Required work:
Your output must be the lines below from the line containing "Hyundai Solaris II" to the line containing "Kadın Siyah Piliseli Mini Etek - Görsel 3", both lines included, reproduced exactly and without pictures.

Extracted records

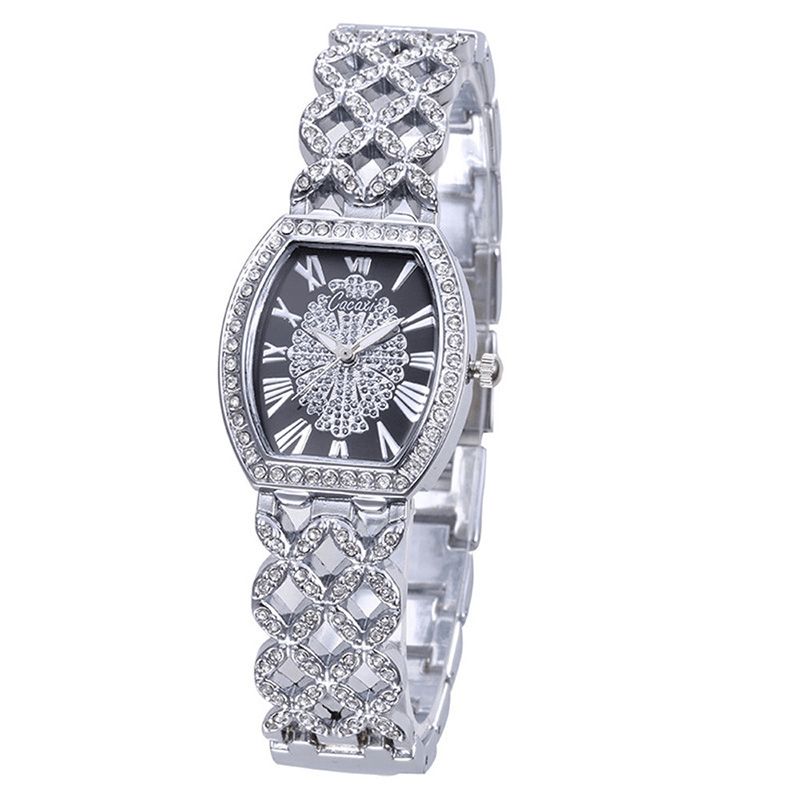 Cacaxi A131 Mode Light Luxury Hollow Diamond Kvartsur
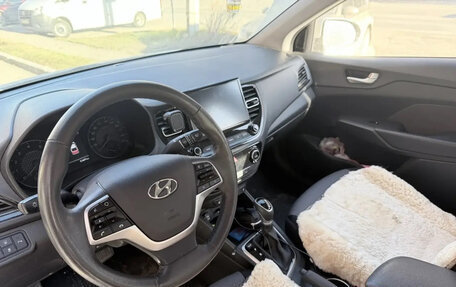 Hyundai Solaris II рестайлинг, 2021 год, 1 750 000 рублей, 6 фотография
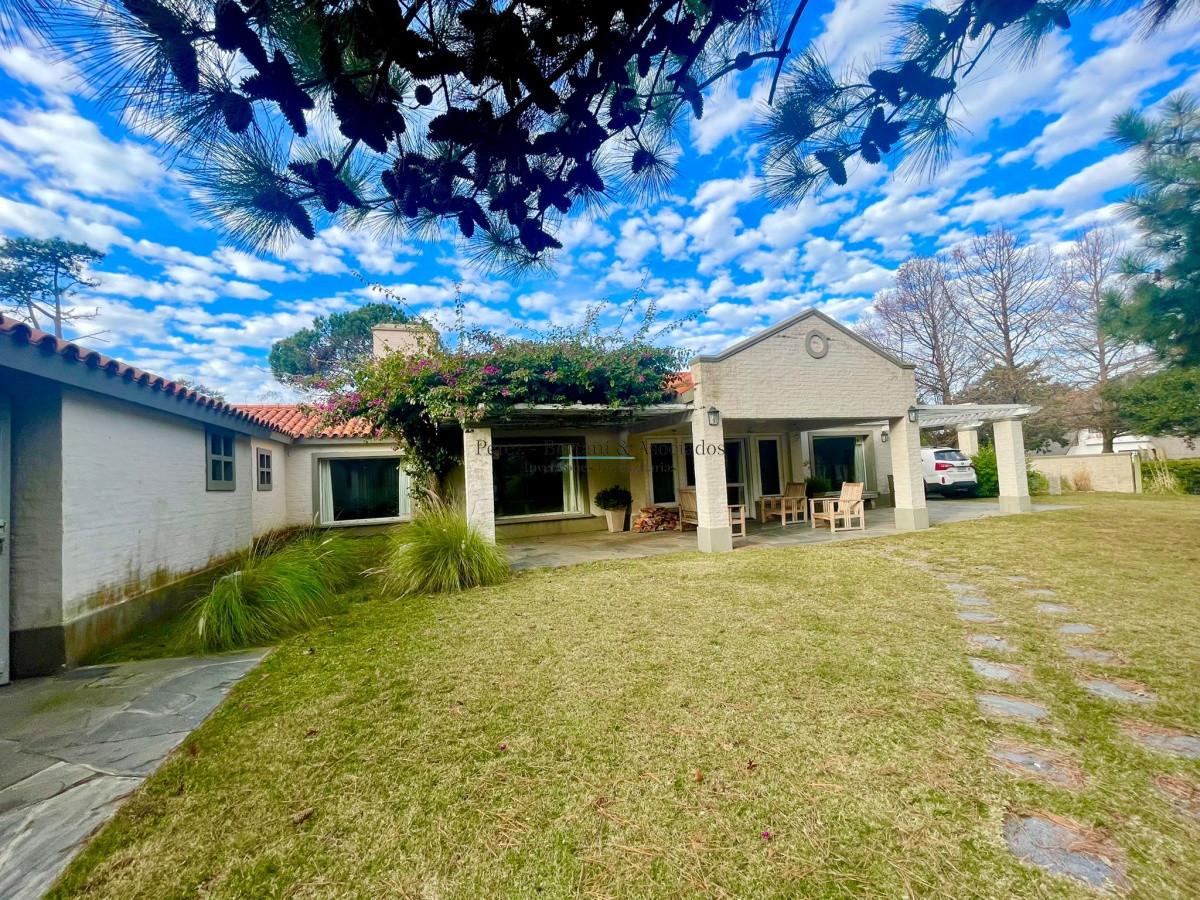 Casa ID.118 - Casa de tres dormitorios en venta, Punta del Este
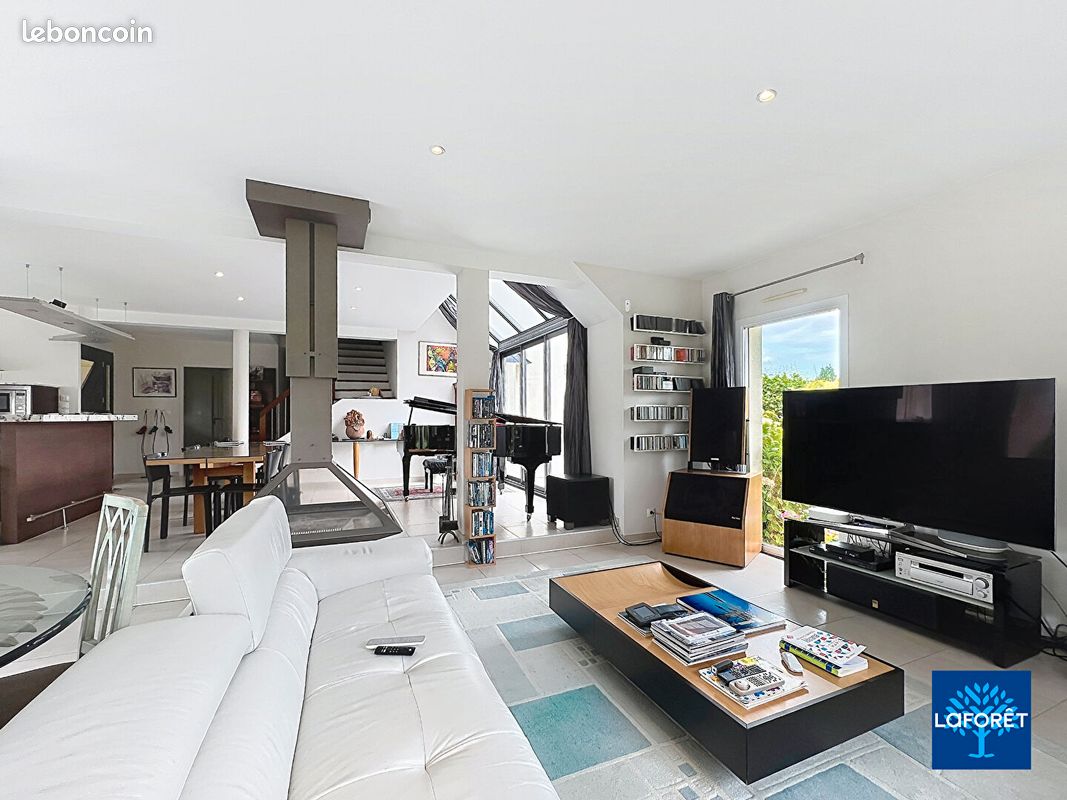 Maison 6 pièces 230 m² (image 2)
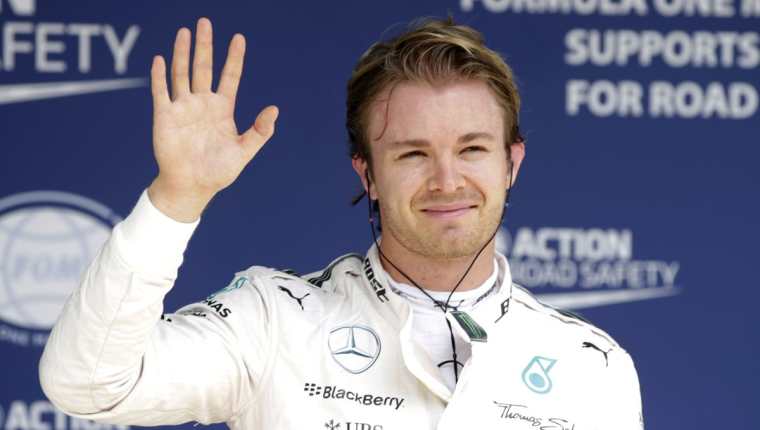Nico Rosberg, de la escudería Mercedes, celebra tras gana la pole en Brasil. (Foto Prensa Libre: EFE)
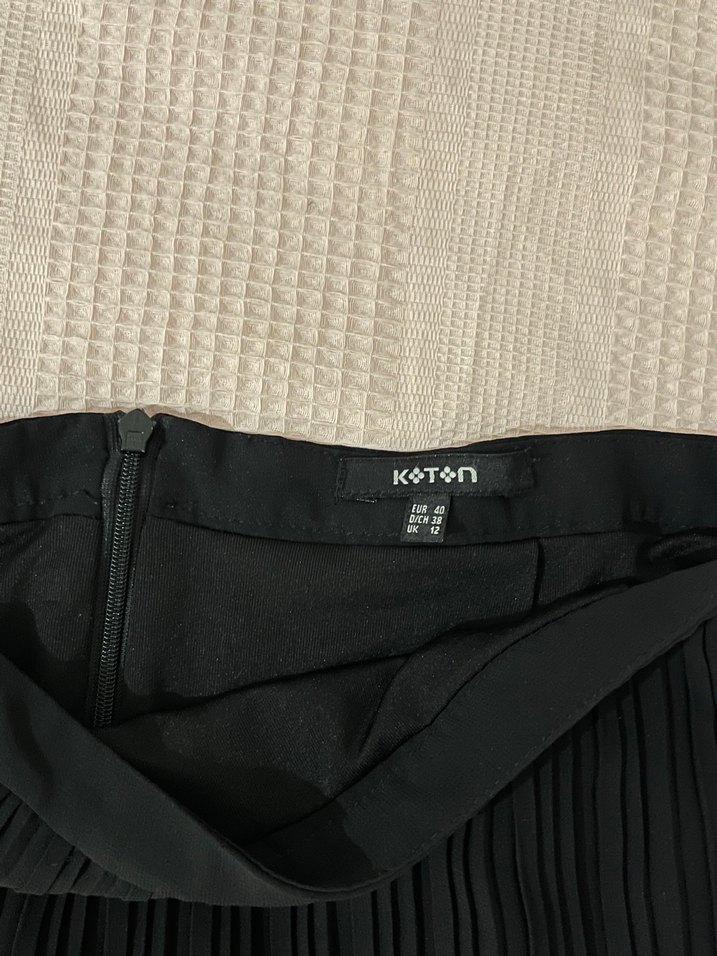 Kadın Siyah Piliseli Mini Etek - Görsel 3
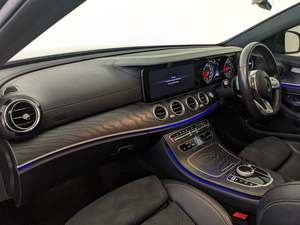 Mercedes-Benz Classe E 2.0 E200 AMG Line Berline d'occasion 2019 Sièges en cuir Transmission automatique Haute qualité LHD/RHD Voiture d'occasion - Product Image 4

Answer to this exercise:
 Hyundai Solaris II рестайлинг, 2021 год, 1 750 000 рублей, 6 фотография
 Casa ID.118 - Casa de tres dormitorios en venta, Punta del Este
 Maison 6 pièces 230 m² (image 2)
Nico Rosberg, de la escudería Mercedes, celebra tras gana la pole en Brasil. (Foto Prensa Libre: EFE)
 Kadın Siyah Piliseli Mini Etek - Görsel 3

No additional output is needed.